■ Task ■
Going from the line that contains "In this video, we" through the last line of the records, set down each line again exactly, both included, with pictures left out.
** Available data follows **
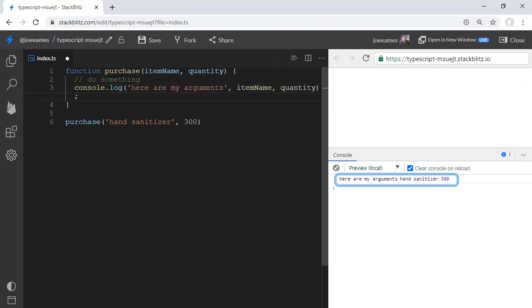And if we log that out, we can see what the arguments are. The word hand sanitizer, the string hand sanitizer, and the number 300. Those are the arguments. Parameters are the names, arguments are the values.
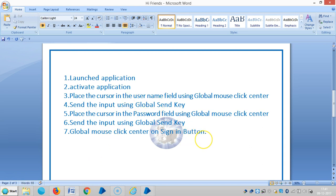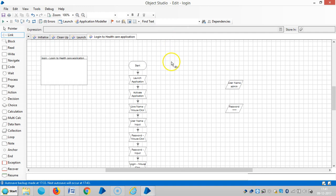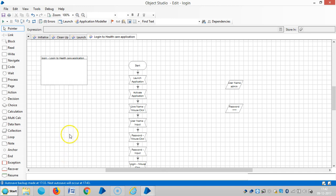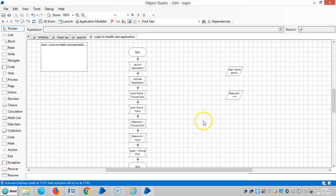Now I am going to add wait stages. It is best practice to add wait stages. We can assign both dynamic and static waits. Here I am using static waits, sending two seconds for every action.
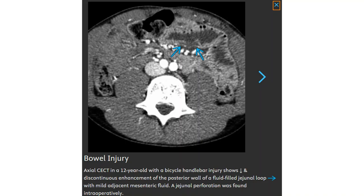Contrast-enhanced CT in a 12-year-old with a bicycle handlebar injury showing discontinuous enhancement of the posterior wall of the duodenum with mild adjacent mesenteric fluid. A duodenal perforation was found intraoperatively.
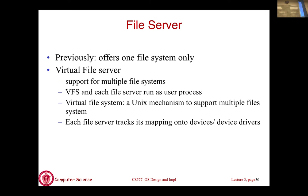Question: is the VFS performing a translation? It is actually simpler — it is not doing translation. It is a big case (switch) statement: if this read belongs to NTFS, call NTFS read; if it belongs to EXT, call EXT read. It is just a forwarding layer. Also, you can embed file systems — for example, in a virtual machine you can embed a file system inside a file, though it slows you down.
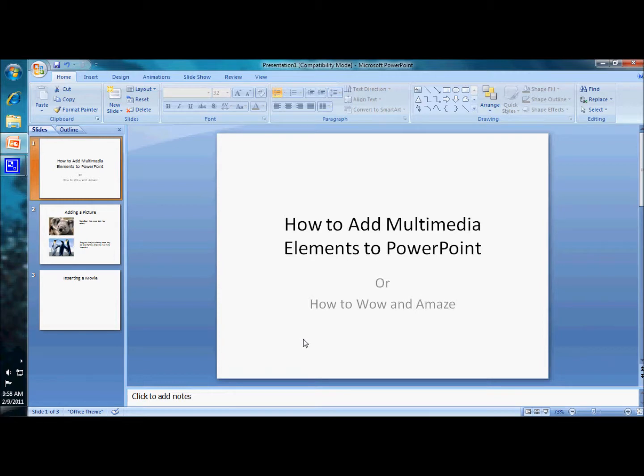Welcome to Part 2 of How to Add Multimedia Elements to PowerPoint, the incredibly unstructured, unrehearsed, untalented presentation by me to you of how to play with PowerPoint.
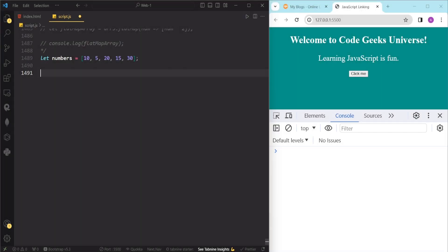In this video, we are going to learn about the JavaScript array sort method. This method allows us to sort the elements of an array in different ways. We can sort arrays of numbers, strings, objects, or even custom types. By the end of this video, you will be able to use the sort method to manipulate arrays. So let's get started.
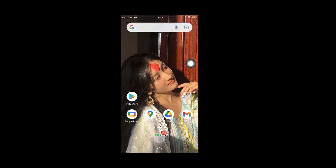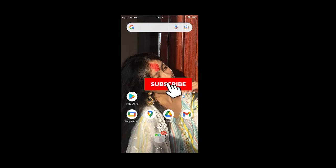Hello everyone, welcome back to another episode of Tech World. I hope you all are doing fine. I'm back with another tutorial video which will guide you to download the Amazon Shopping app on your Android device.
** End of Available data **
■ Answer to this problem ■
In this video, we are going to learn about the JavaScript array sort method. This method allows us to sort the elements of an array in different ways. We can sort arrays of numbers, strings, objects, or even custom types. By the end of this video, you will be able to use the sort method to manipulate arrays. So let's get started.
Hello everyone, welcome back to another episode of Tech World. I hope you all are doing fine. I'm back with another tutorial video which will guide you to download the Amazon Shopping app on your Android device.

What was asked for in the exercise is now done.